A feeling for this eternality of math can be perceived in the well known:

Mathematics, rightly viewed, possesses not only truth, but supreme beauty a beauty cold and austere, like that of sculpture, without appeal to any part of our weaker nature, without the gorgeous trappings of painting or music, yet sublimely pure, and capable of a stern perfection such as only the greatest art can show. The true spirit of delight, the exaltation, the sense of being more than Man, which is the touchstone of the highest excellence, is to be found in mathematics as surely as in poetry.

Bertrand Russell

So clearly you understand that scribbling and making sounds may be associated with math but is itself not math. You need to take that further: While the layperson may see a mathematician calculating, computing, proving etc, what the mathematician is really doing behind the appearances is delving in the platonic (or even Platonic) realm.
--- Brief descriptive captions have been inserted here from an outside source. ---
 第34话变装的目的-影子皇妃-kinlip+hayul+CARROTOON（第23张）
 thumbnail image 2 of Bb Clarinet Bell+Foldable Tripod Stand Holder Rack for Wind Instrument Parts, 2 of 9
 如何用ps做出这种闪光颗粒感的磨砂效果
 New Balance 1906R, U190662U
As an analogy consider how as children, we learnt to count using our fingers. As adults we — hopefully! — dont consider fingers necessary or germane to math. So in the same way, not just are the greek sounds and strange diagrams incidental but not necessary, even the more fundamental (seeming) calculating, computing, proving are only incidental, the core being the apperception of the platonic realm.
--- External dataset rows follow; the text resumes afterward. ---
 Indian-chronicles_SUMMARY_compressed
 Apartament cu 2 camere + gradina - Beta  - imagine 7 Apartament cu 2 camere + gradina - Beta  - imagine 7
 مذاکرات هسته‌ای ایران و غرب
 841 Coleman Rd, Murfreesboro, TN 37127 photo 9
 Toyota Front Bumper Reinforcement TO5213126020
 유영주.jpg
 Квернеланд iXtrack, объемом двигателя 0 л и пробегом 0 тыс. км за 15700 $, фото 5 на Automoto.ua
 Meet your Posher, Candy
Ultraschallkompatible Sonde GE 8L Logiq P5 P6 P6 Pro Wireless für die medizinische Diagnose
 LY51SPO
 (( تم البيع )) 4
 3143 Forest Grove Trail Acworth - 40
Yet all this may sound strange and far away from us because of...

## The Inversions of Modernity

Modern entrées into math are almost always as a part of STEM — as the last component to boot. This implies that it has been relegated from Queen of science to Handmaiden of Science.

At the end of Hardy's active mathematical life he wrote the famous Mathematician's apology in which he said:

I have never done anything "useful". No discovery of mine has made, or is likely to make, directly or indirectly, for good or ill, the least difference to the amenity of the world.
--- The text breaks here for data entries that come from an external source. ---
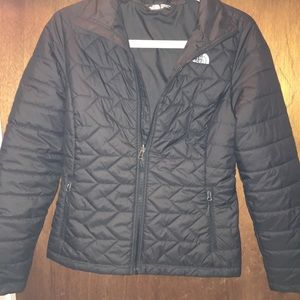 The North Face Tamburello Jacket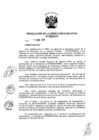Vista preliminar de documento ResolucionDEN0052015
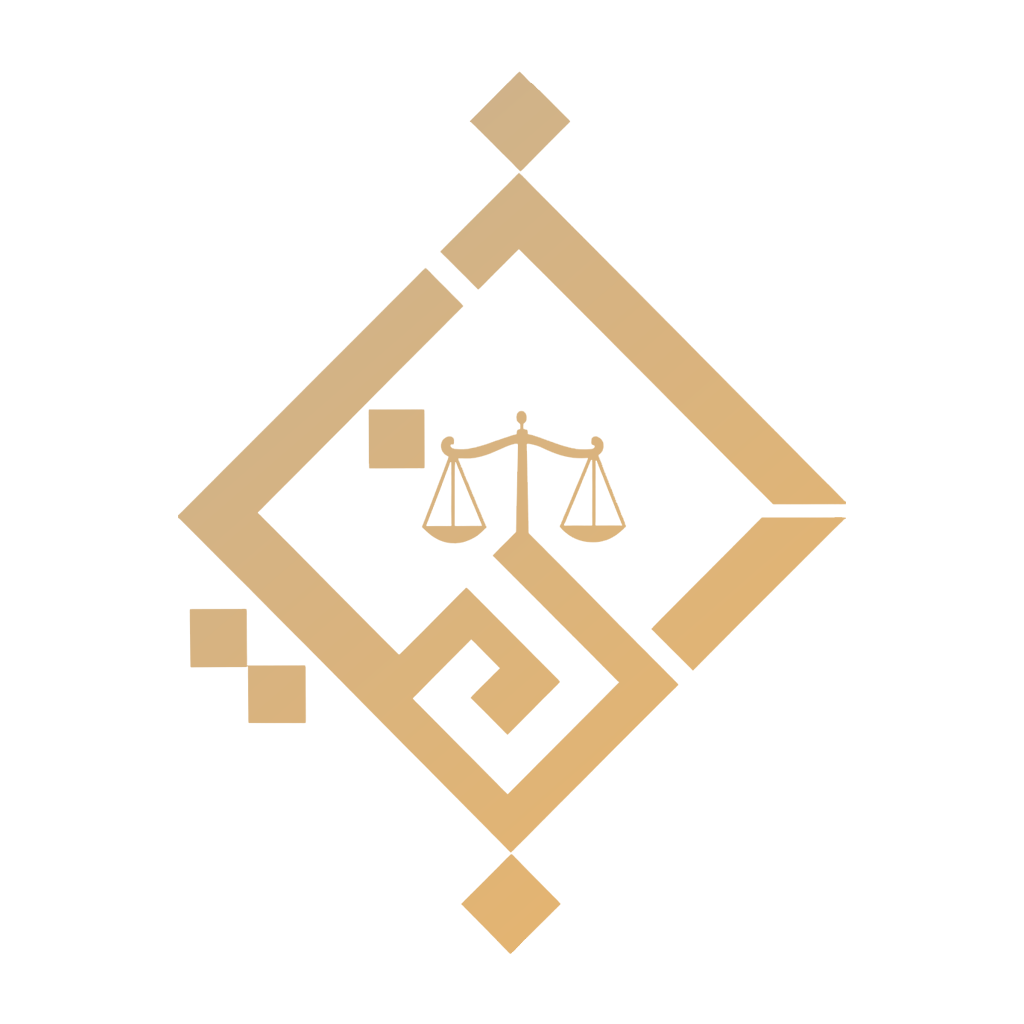 Barhen Logo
Now its true that the pugnacious tone is because Hardy was a pacifist and he lived across two world wars. Yet, if we look beyond the exaggerated wistful, poetic tone there is an important germ of truth — insofar as math is 'good', it must disengage from the world and approximate the Platonic realm. If it engages too much, it may make for effective engineering but it's likely to be pedestrian math.

And speaking of Hardy its apposite to refer to his most famous protege:

## An extremal Platonist: Ramanujan

Ramanujan is one of the most extreme examples of a Platonist-mathematician. Ramanujan outright saw the Goddess dictate number theory results in bright red vermilion. And its not relevant to my point if, say, we find out that Ramanujan had never heard of Plato. That he had a clear sense of a realm from which his results flowed makes him a Platonist.

People may object that if we take a hundred mathematicians hardly ten would have even the most basic knowledge of Plato. So how can one claim that all mathematicians are platonists?

Well the meaning of platonism has very little to do with the word 'platonism'. Even the philosophy of Plato is at most incidental.

As long as the mathematician believes that there is something called mathematical truth they are a platonist.

ie The mathematician may play symbol games but he is not merely a formalist in saying its all just symbol games.
Nor is he merely an intuitionist who understands math as a peculiar property of the human mind. Sure math is reflected in the mathematician's brain but the reflection is the shadow while the truth is 'out there'.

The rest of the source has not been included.